Seorang Gus juga bersaksi bahwa semasa hidupnya Mbah Moen pernah minta didoakan meninggal di hari Selasa saat menunaikan ibadah haji. Karena para ahli ilmu itu biasanya meninggal di hari selasa. “MasyaAllah semuanya diijabahi Allah,” ujar Gus dari Jawa Timur ini.

Majalah Tebuireng

Sementara itu, mengutip NU online, Ulama yang akrab disapa Mbah Moen ini merupakan salah satu dari anggota Ahlul Hall wal Aqdi (Ahwa) pada Muktamar ke-33 NU di Jombang tahun 2015 lalu. Kiai Haji Maimoen Zubair merupakan seorang alim, faqih sekaligus muharrik(penggerak). Selama ini, Kiai Maimoen merupakan rujukan ulama Indonesia, dalam bidang fikih. Hal ini, karena Kiai Maimoen menguasai secara mendalam ilmu fikih dan ushul fikih. Ia merupakan kawan dekat dari Kiai Sahal Mahfudh, yang sama-sama santri kelana di pesantren-pesantren Jawa, sekaligus mendalami ilmu di tanah Hijaz.

Kiai Maimoen lahir di Sarang, Rembang, pada 28 Oktober 1928. Kiai sepuh ini, mengasuh Pesantren al-Anwar, Sarang, Rembang, Jawa Tengah. Kiai Maimoun merupakan putra dari Kiai Zubair, Sarang, seorang alim dan faqih. Kiai Zubair merupakan murid dari Syekh Saíd al-Yamani serta Syekh Hasan al-Yamani al-Makky.

Kedalaman ilmu dari orang tuanya, menjadi basis pendidikan agama Kiai Maimoen Zubair sangat kuat. Kemudian, ia meneruskan mengajinya di Pesantren Lirboyo, Kediri, di bawah bimbingan Kiai Abdul Karim. Selain itu, selama di Lirboyo, ia juga mengaji kepada Kiai Mahrus Ali dan Kiai Marzuki.

Pada umur 21 tahun, Maimoen Zubair melanjutkan belajar ke Makkah Mukarromah. Perjalanan ini, didampingi oleh kakeknya sendiri, yakni Kiai Ahmad bin Syuáib.
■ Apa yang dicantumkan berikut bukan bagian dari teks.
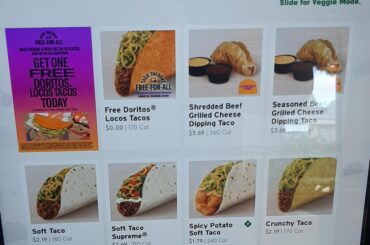 Taco Tuesday Free DLT is in the taco section on the Kiosk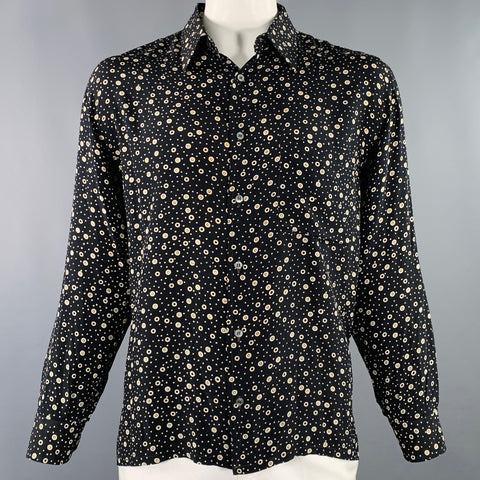 BRIONI Size XL Black Beige Dots Silk Button Up Long Sleeve Shirt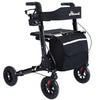 Henmnii Rollator All Terrain Aluminum Lightweight Walker with in Seat Black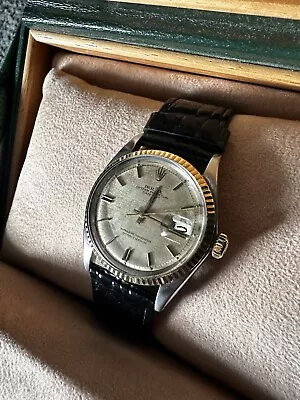 Rolex Datejust 1601 2 Tone 18k Gold Bezel Linen Dial Automatic Mens Watch 1969 • £2599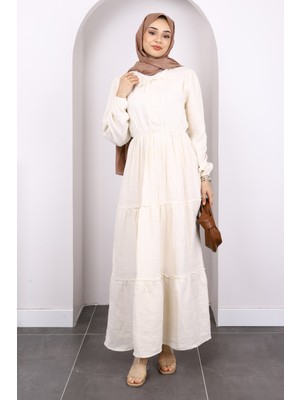 Bej Yaka Bağlamalı Eteği Katlı Muslin Elbise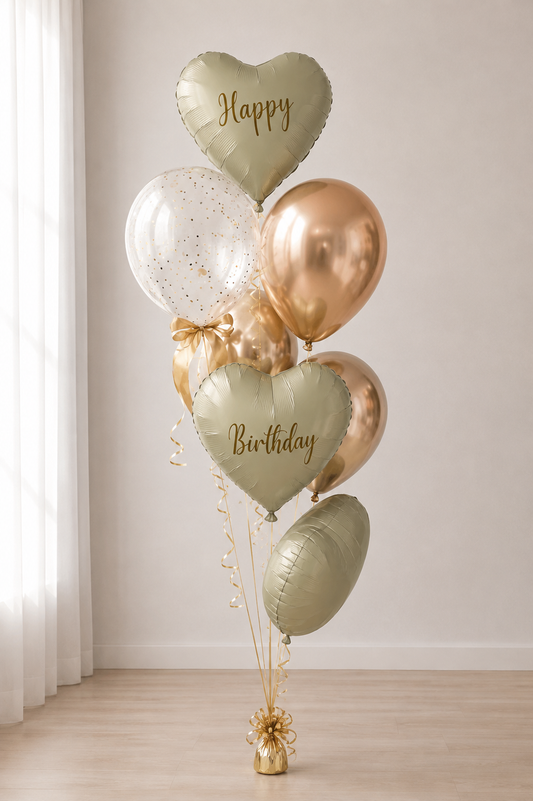 Heart Balloon Bouquet with Clear & Chrome Balloons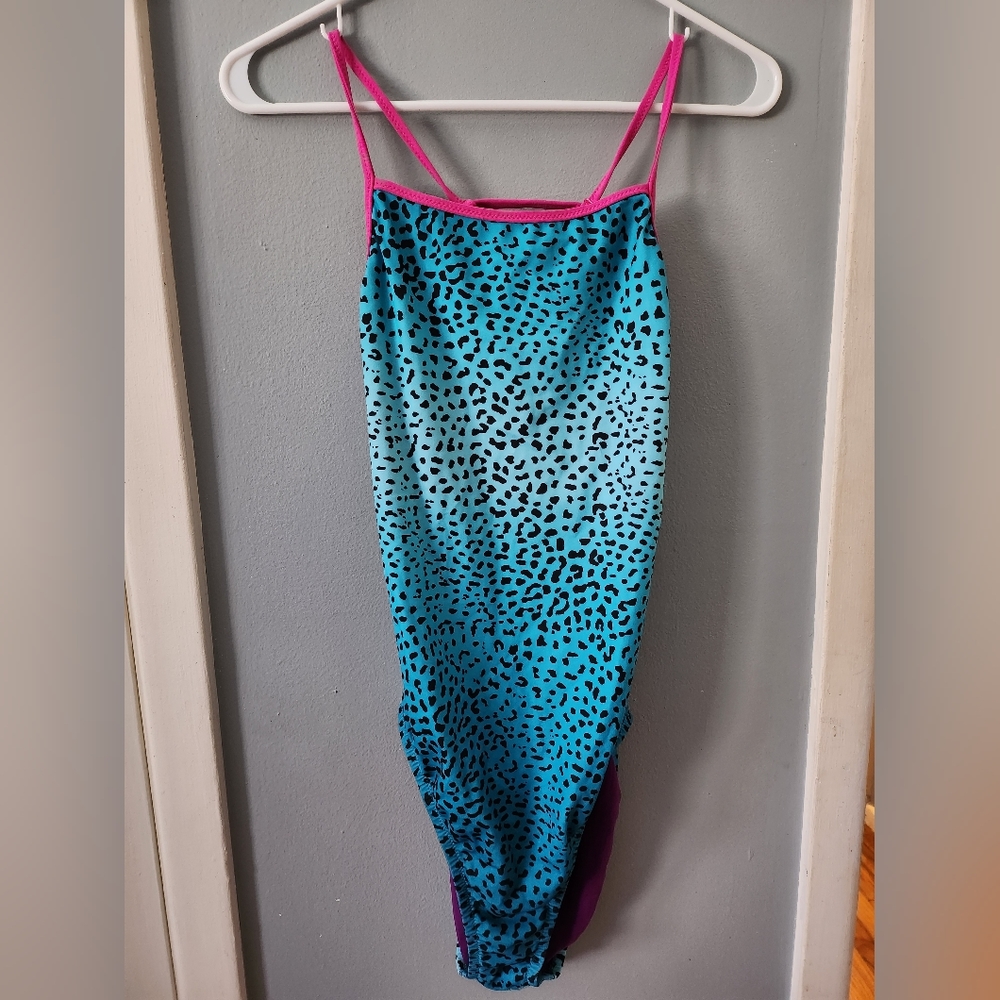 Speedo Turquoise and Magenta Animal Print One Piece Swimsuit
Di Makkah, Kiai Maimun Zubair mengaji kepada Sayyid Alawi bin Abbas al-Maliki, Syekh al-Imam Hasan al-Masysyath, Sayyid Amin al-Quthbi, Syekh Yasin Isa al-Fadani, Syekh Abdul Qodir al-Mandaly dan beberapa ulama lainnya.

Kiai Maimoen juga meluangkan waktunya untuk mengaji ke beberapa ulama di Jawa, di antaranya Kiai Baidhowi, Kiai Ma’shum Lasem, Kiai Bisri Musthofa (Rembang), Kiai Wahab Chasbullah, Kiai Muslih Mranggen (Demak), Kiai Abdullah Abbas Buntet (Cirebon), Syekh Abul Fadhol Senori (Tuban), dan beberapa kiai lain. Kiai Maimun juga menulis kitab-kitab yang menjadi rujukan santri. Di antaranya, kitab berjudul al-ulama al-mujaddidun.
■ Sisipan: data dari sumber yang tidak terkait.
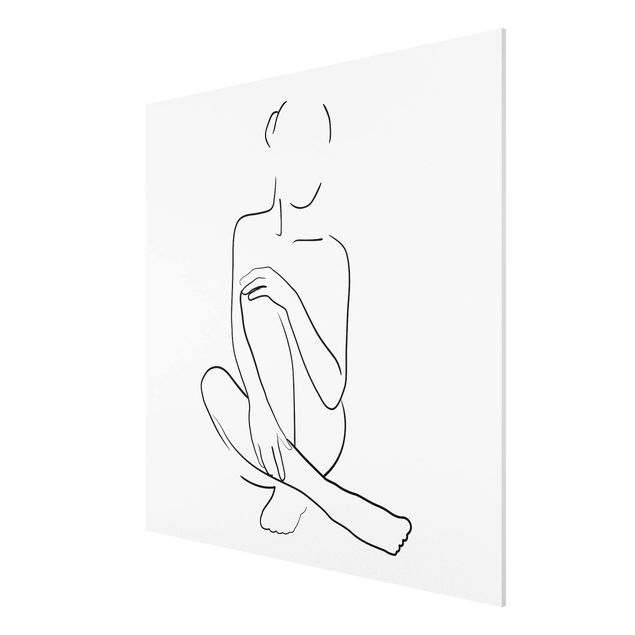 Wanddeko Esszimmer Line Art Frau sitzt Schwarz Weiß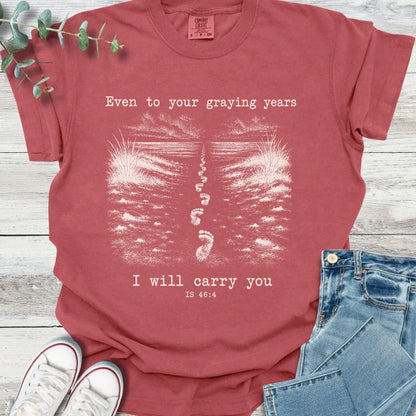 Footprints T-Shirt in Crimson - Christian graphic tee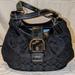 Coach Bags | Authentic Coach Black Canvas Patent Leather Signature Hobo Purse Bag | Color: Black | Size: Os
Selepas kembali dari tanah Hijaz dan mengaji dengan beberapa kiai, Kiai Maimoen kemudian mengabdikan diri untuk mengajar di Sarang, di tanah kelahirannya. Pada 1965, Kiai Maimoen kemudian istiqomah mengembangkan Pesantren al-Anwar Sarang. Pesantren ini, kemudian menjadi rujukan santri untuk belajar kitab kuning dan mempelajari turats secara komprehensif.

Selama hidupnya, Kiai Maimoen memiliki kiprah sebagai penggerak. Ia pernah menjadi anggota DPRD Rembang selama 7 tahun. Selain itu, beliau juga pernah menjadi anggota MPR RI utusan Jawa Tengah. Kini, karena kedalaman ilmu dan kharismanya, Kiai Maimoen Zubair diangkat sebagai Ketua Majelis Syariah Partai Persatuan Pembangunan (PPP).

Politik dalam diri Kiai Maimoen bukan tentang kepentingan sesaat, akan tetapi sebagai kontribusi untuk mendialogkan Islam dan kebangsaan. Demikianlah, Kiai Maimun merupakan seorang faqih sekaligus muharrik, pakar fiqh sekaligus penggerak.

Tulis Gus Zaki di media WhatsApp, “Hari Senin, Saya dan Gus Afif sepakat sowan kepada Mbah Moen. Kami segera mengontak khadam beliau dan meminta waktu. Alhamdulillah, Kami diberi waktu. Sekitar pukul 21.00 waktu KSA, Saya beserta rombongan 7 orang sampai dikamar hotel yang menurut Saya, cukup sederhana utk ukuran Mbah Moen. Beliau masih sare (tidur). Agak lama Kami menunggu karena tidak ingin mengganggu istirahat Beliau. Disela menunggu, Saya sempatkan kirim fatihah kepada Beliau dan tak lama kemudian Beliau terbangun. Segera Kami sowan. Beliau dawuh, “Umur diatas 80 tahun, wes susah, opo maneh Aku, 91 tahun.” Lalu beliau cerita bahwa menjelang kelahirannya, sempat ditunggui oleh Hadratussyaikh KH. M. Hasyim Asy’ari. Kami sempatkan mohon doa barakah. Di tengah-tengah doa yang dipanjatkan, terdengar isak-isak tangis kecil. Beliau sempat minta maaf atas tidak adanya suguhan.”

“Barangkali, Kami adalah orang terakhir yang mendapat doa barakah dari Beliau. Bahkan ketika Saya pamit dan akan memberikan titipan dari kawan-kawan, Beliau dawuh “Pun tho, mboten usah ngeten Kiai”. Cleguk ! Beliau menyebut Saya “kiai” yang jauh dari standar seorang *kiai”. Selamat Jalan Mbah Moen. Allah mencintai Panjenengan.”